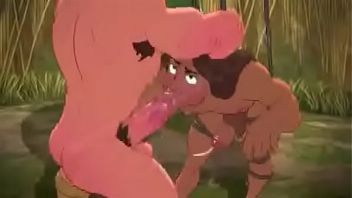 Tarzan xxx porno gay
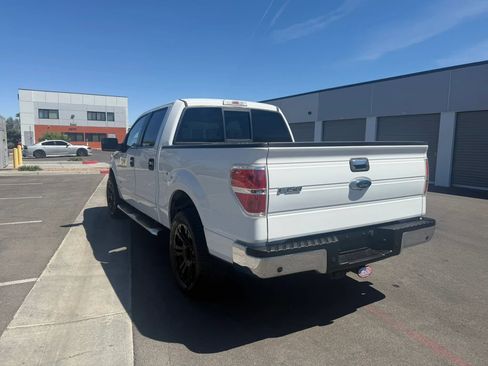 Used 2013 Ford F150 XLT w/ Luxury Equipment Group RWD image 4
--
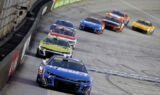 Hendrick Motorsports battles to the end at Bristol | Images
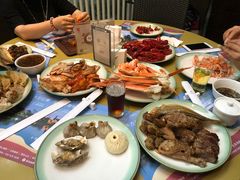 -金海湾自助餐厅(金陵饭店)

■ **REQUIRED WORK**
What are the lines in the records above, word for word, from the one containing "Tarzan xxx porno gay" through the one containing "Used 2013 Ford", both ends included and pictures left out?

■ **WRITTEN SOLUTION**
 Tarzan xxx porno gay
 Used 2013 Ford F150 XLT w/ Luxury Equipment Group RWD image 4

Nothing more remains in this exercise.